Austin’s Commonwealth medal in Gold Coast was hugely impressive and even more so when you consider that he beat both Brownlee brothers onto the podium, with the result signalling Austin’s entry into the big-time.

And while the brutality of each triathlon race means the final result can rarely be predicted, Austin is confident he has given himself the best chance possible of putting on a good showing today.

“I know that I’ve put the work in and so while anything can happen on the day, I feel like I’ve given it my best shot in terms of being as well prepared as I can be,” he said.

“There’s loads of big names on the start list but people are going to have good and bad races, and you don’t know what other people’s preparation has been like so you really can’t predict how it’s going to go.

“I know that I’m ready to put down a good race so hopefully that’ll be enough for a podium spot but if it’s not, it’s not - I can’t control what anyone else does.

“From Commy Games, I’ve now got a template that I know delivered a performance so I can compare sessions now to what I did then and I know how to replicate it or make it better, which is what I’ve done for these Europeans. So hopefully it work for me again.”

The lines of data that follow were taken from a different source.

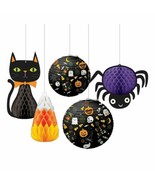 Hanging Halloween Bouquet 5 Pc Lanterns Spider Cat Candy Corn - £14.32 GBP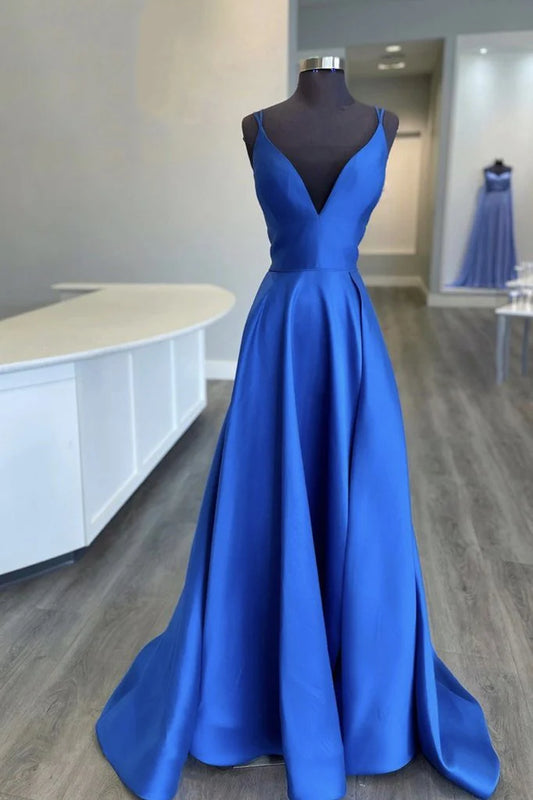 Amzcw Blue v neck satin long prom dress blue bridesmaid dress formal wear dresses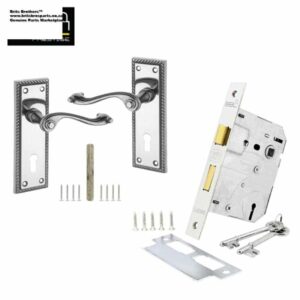LOCK Set 3LEVER GEORGIAN SCROLL HANDLE SATIN Bbl auto part product photo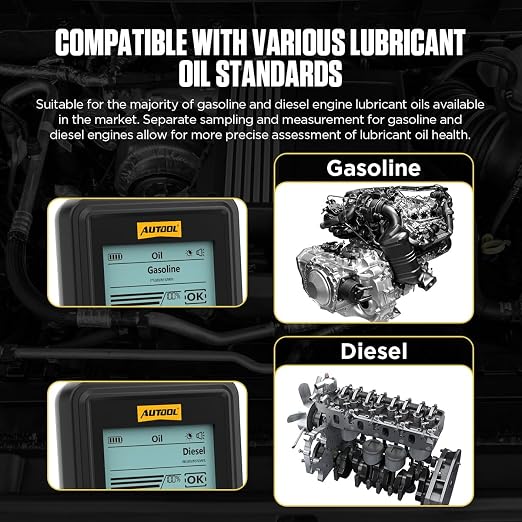 Engine Oil Quality Tester, Digital Transmittance Analyzer with Temperature Display for Gasoline and Diesel Engines, 2.8" HD Backlit Screen, 800mm Flexible Probe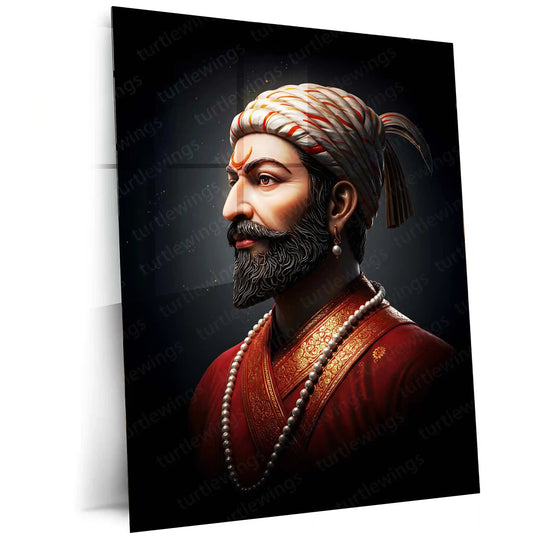 Chhatrapati Shivaji Maharaj Metal Frame | Warrior King Wall Art | Metal Frame 04 - TURTLEWINGS
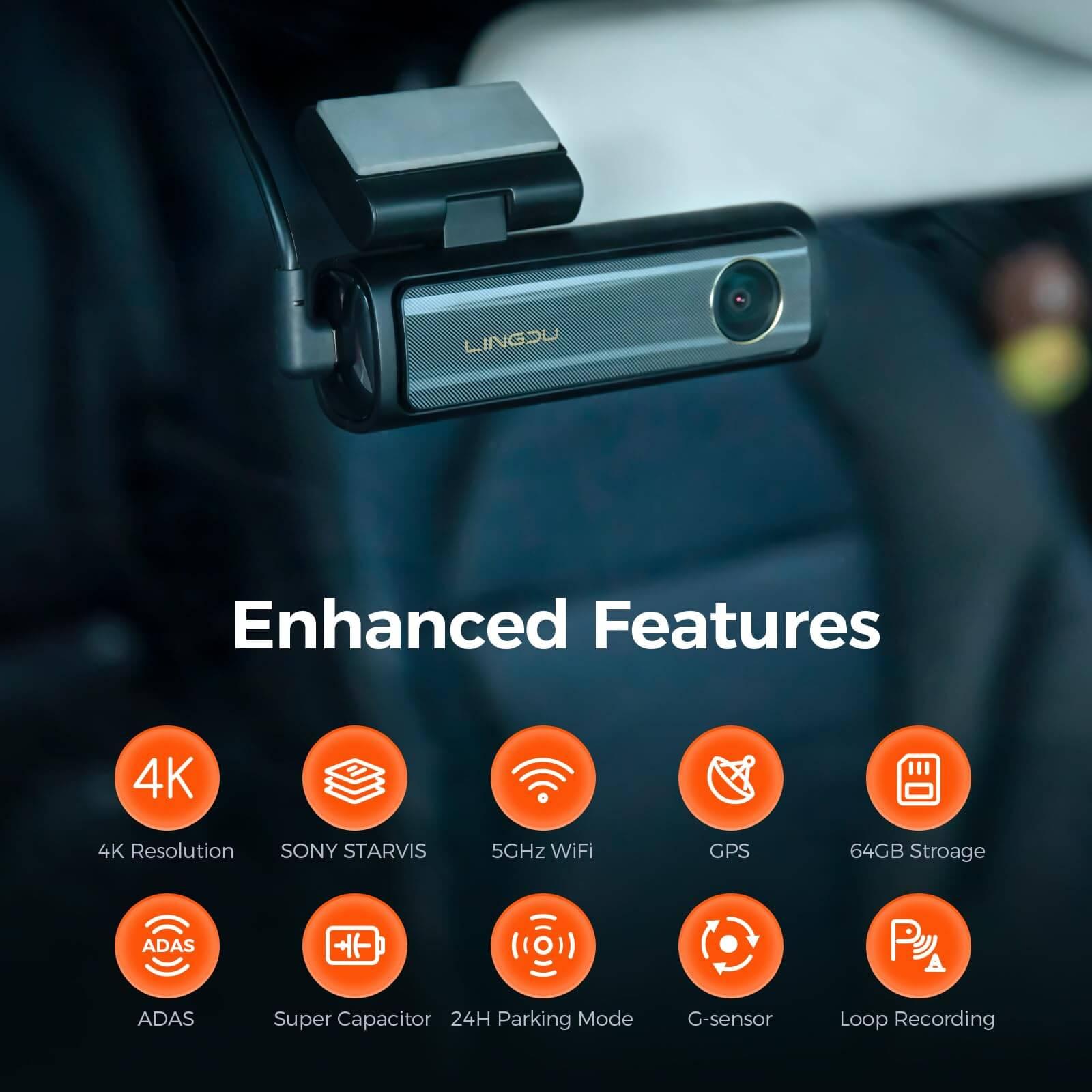 LINGDU AM100 1CH Dash Cam 4K with ADAS Voice Control 24H Parking Mode - AZDOME Official Stores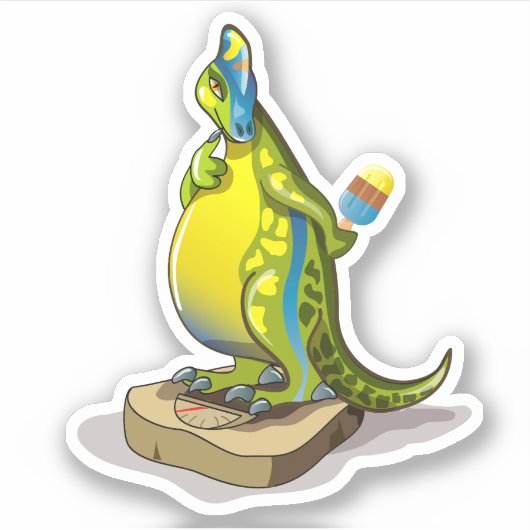 Lambeosaurus staand op een weegschaal. sticker (Voorkant)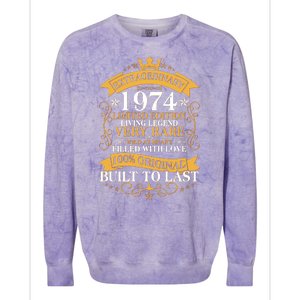 Extraordinary 1974 Limited Edition Built To Last 50th Birthday Colorblast Crewneck Sweatshirt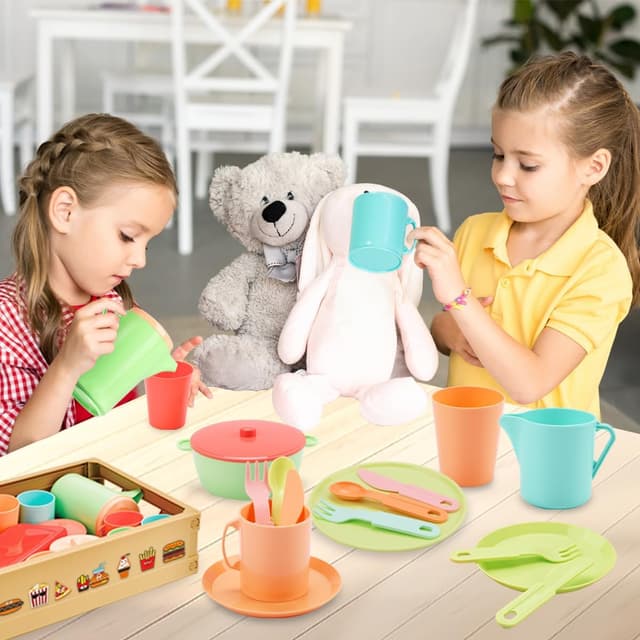 Detalle de RUIDYA Play Kitchen Accessories 37-piece pretend tea party set with carry basket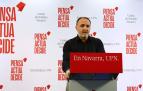 El presidente y candidato de UPN al Gobierno navarro, Javier Esparza, durante la rueda de prensa de este miércoles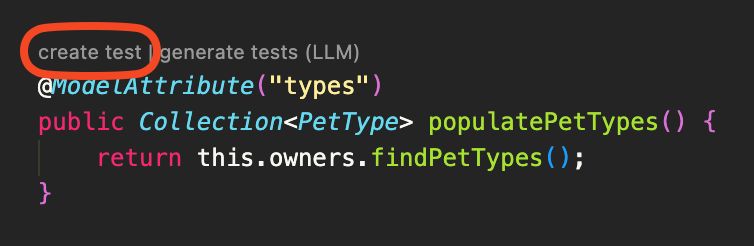 Use the &#39;create test&#39; code lens for one-click test template generation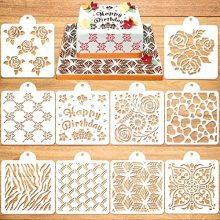 Konsait 10Pack Cake Stencil Templates - Creative Cake and DIY Craft Decoration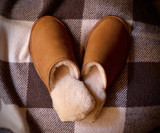 High quality tan full grain leather Dave's Deals Women's Sheepskin Slippers - Old Design - Size 6 - Tobacco front view - Saddleback Leather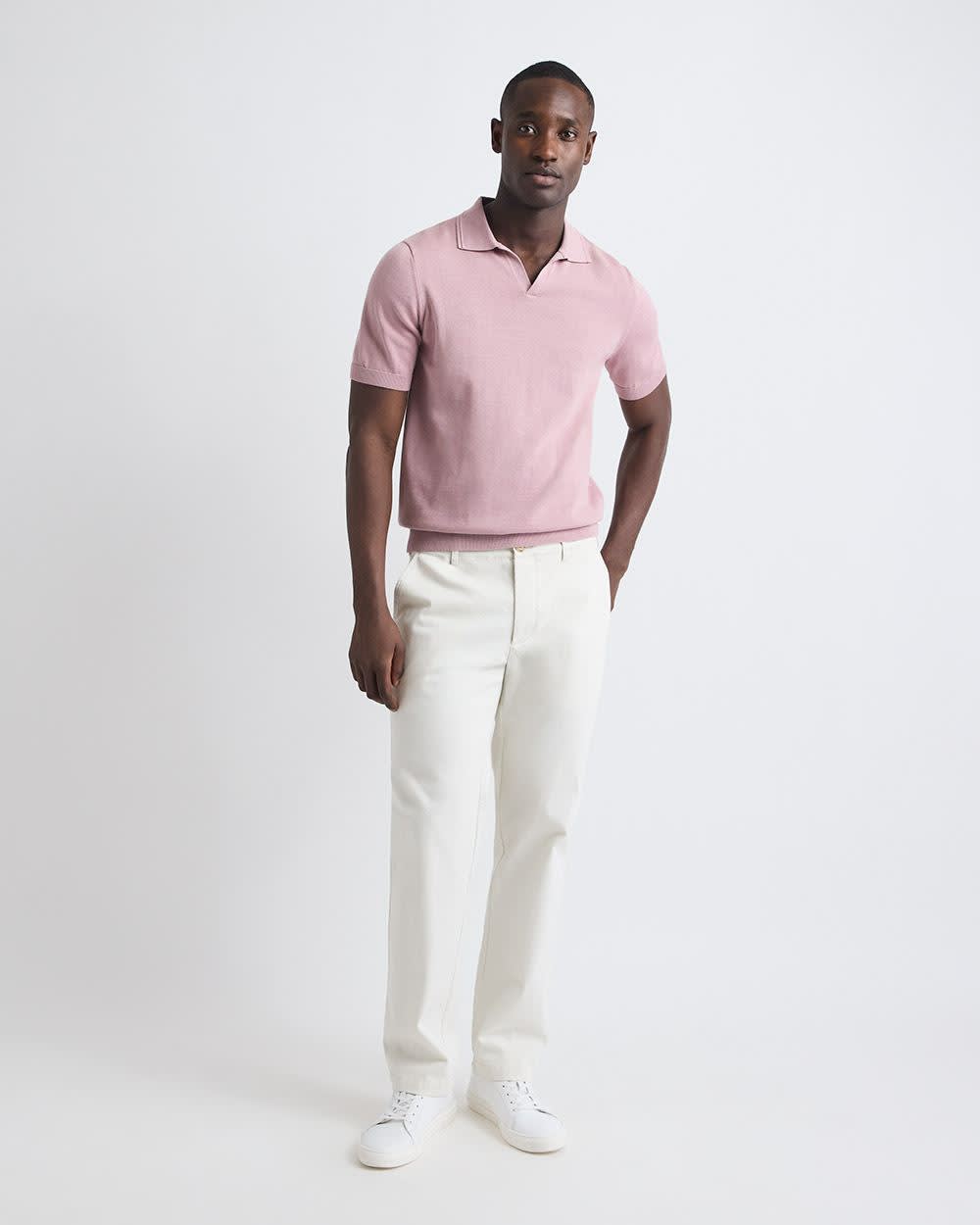 Polo à Manches Courtes en Coton avec Col Johnny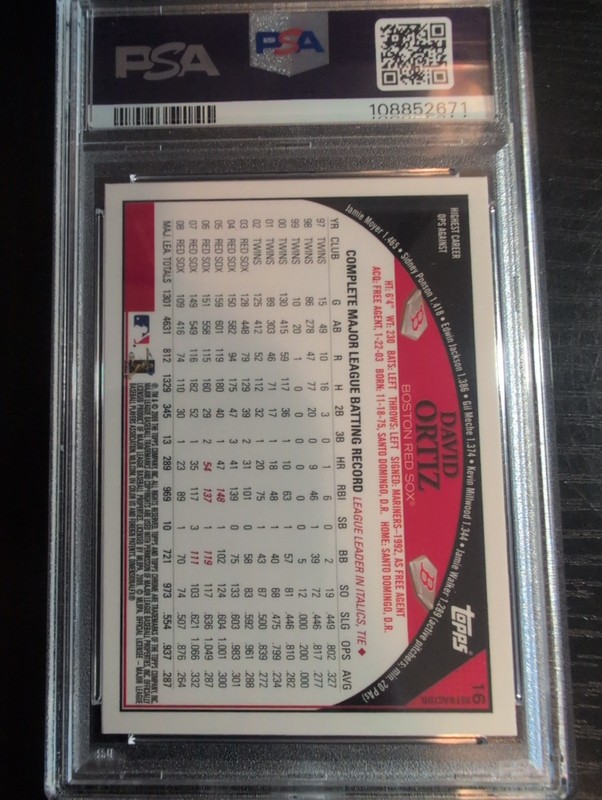 2009 TOPPS CHROME REFRACTOR DAVID ORTIZ #16 HALL OF FAME PSA 9 view 2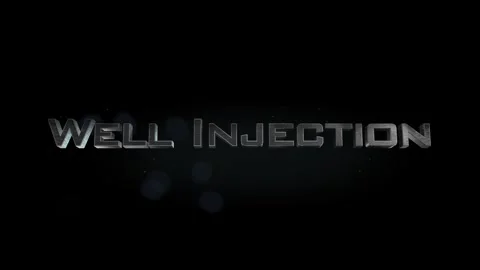 Well Injection title metal text on black alpha channel background Stock Footage 296212464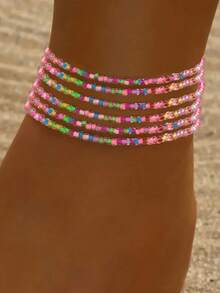4pcs/Set Versatile Bohemian Style Beach Vacation Colorful Glass Beaded Elastic Anklet, Fashion Personalized Jewelry Gift Suitable For Daily Outfit, Perfect For Party And Holiday, Ideal Accessory For Women Casual And Vacation Wear, Mother's Day Gift - Multicolor - View 6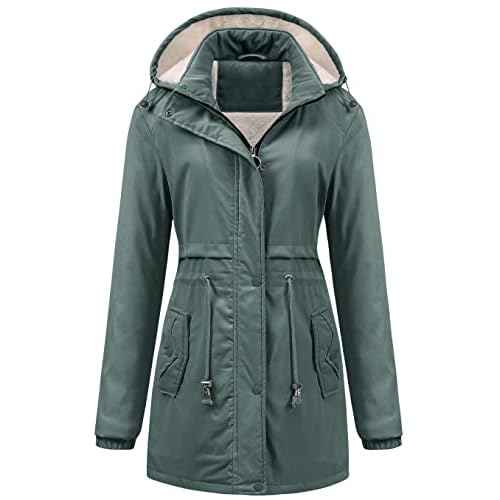 Chrisuno Women's Mid-Length Parka Winter Outerwear Jacket Soft Fleece Warm Snow Coat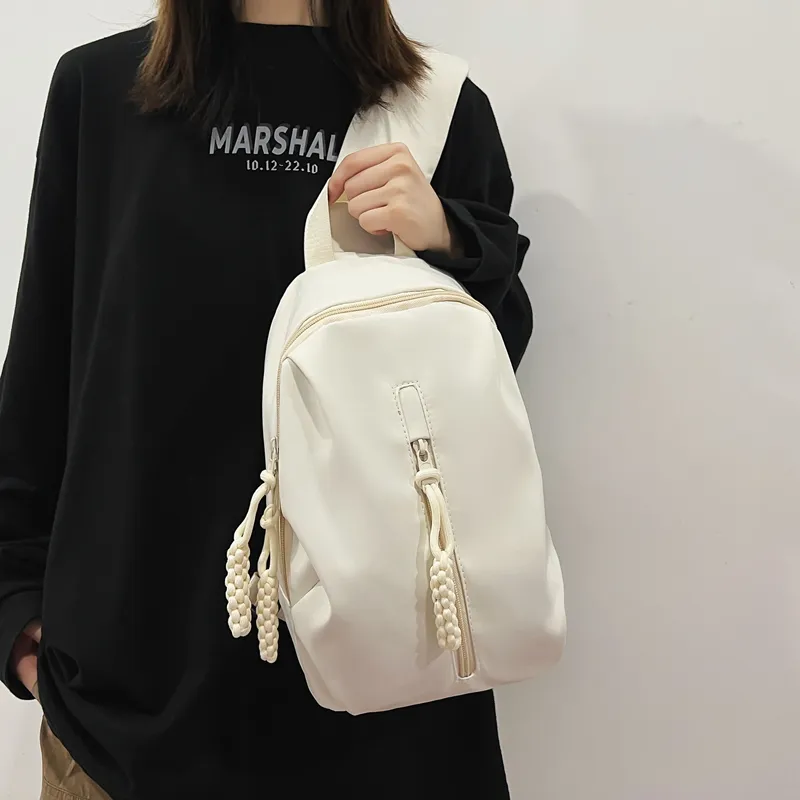 Deli Bear Nylon Crossbody Bags Sling Bags Regular Unisex White/Red/Black-7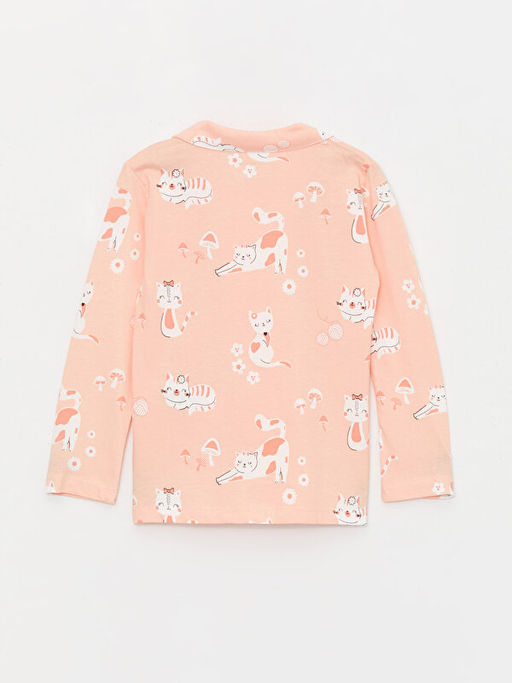 G?mlek Yaka Uzun Kollu Bask?l? K?z Bebek Pijama Tak?m? - Waikiki фото 3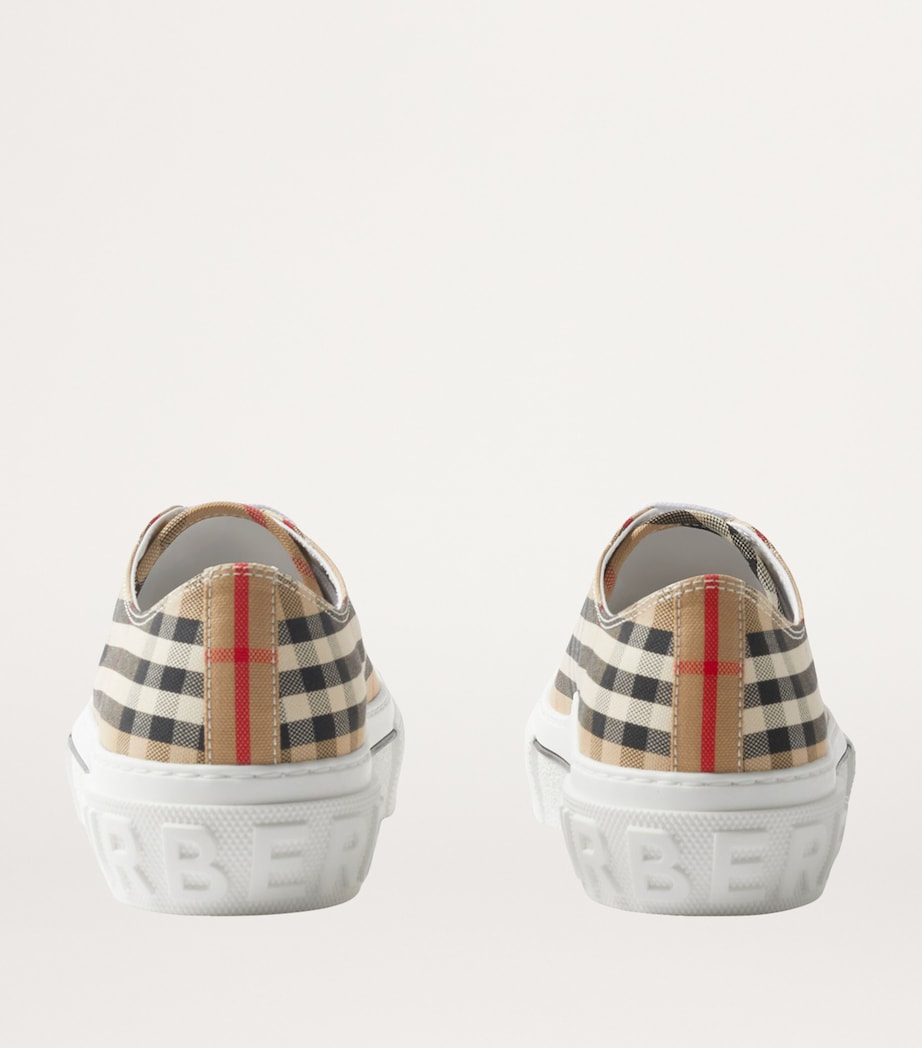 Burberry Beige Cotton Check Sneakers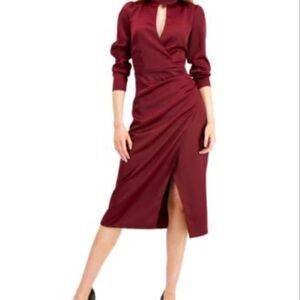 GUESS LS Maddie Keyhole Burgundy Dress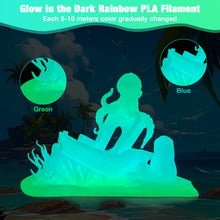 Load image into Gallery viewer, Amoybaby Rainbow Glow in The Dark Filament PLA 1.75mm 1kg(2.2lbs), Glow Blue to Green Gradient Fluorescent 3D Printer Filament,Used for Printing Halloween or Christmas Gifts,Fits FDM 3D Printers&amp;Pens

That Austin is a Glaswegian does, he admits, make this European Championships even more special. His last major championships appearance in his home city was at Glasgow 2014, where he matched the Brownlees for much of the race before ultimately fading.

But that experience gave him a taste of competing in front of his home crowd – and he can’t wait to do it again.

“It’s really cool to see another event like this in Glasgow - outside of my own competition, it’s amazing to see something like this going on in the city,” he said.

“It’s brilliant to be competing in Scotland. Four years ago, it definitely got the most out of me and I loved the whole experience so I just want another experience like that. At Glasgow 2014, the crowd are able to push me that little bit more and so hopefully that will happen again this time.”

In the women’s race yesterday, Switzerland’s Nicola Spirig put in an imperious performance to win her sixth European title. On a glorious day at Strathclyde Park, 36-year-old Spirig, who gave birth to her second child last year, dominated the field in the latter part of the race to take victory ahead of GB’s defending champion, Jess Learmonth.

The Englishwoman made a strong start to the defence of her title, leading as the group finished the swim and for a large part of the bike ride, it was Learmonth and Frenchwoman, Cassandre Beaugrand, who ultimately won bronze, who were out in front.

But Spirig, the 2012 Olympic champion, reeled them in and as the run began, there was only ever going to be one winner with the Swiss looking by far the strongest of the trio, in the end crossing the line 46 seconds ahead of Learmonth.

“It feels amazing, I’m really happy,” she said of winning her sixth European title.

“I think every medal at Europeans, Worlds or Olympics is extremely special and you should just enjoy it.

“There were a few key moments (in the race). I came out of the water 40 seconds down, but that wasn’t a problem for me. I knew I’m probably stronger in the second part. It was key when I caught up with Jess and Cassandre and so I attacked straight away.”

Scotland’s sole representative in the women’s race, Beth Potter, finished a hugely creditable 27th, six places behind her GB compatriot and 2016 European champion, India Lee.

Meanwhile, with the European Athletics Championships in full swing in Berlin with a record 17 Scots in the GB team, there is more positive news for the sport in this country. The FPSG Scottish Senior Championships will take place at Grangemouth this weekend with a 22 percent rise in entries compared to last year.

Some of the star names who will be competing for the £2000 prize pot are Athletics World Cup bronze medal winner, Neil Gourlay, and fresh from the European Championships in Berlin, Chris Bennett and Kirsten McAslan. Also in action will be Scotland’s up-and-coming sprint talent, Alisha Rees.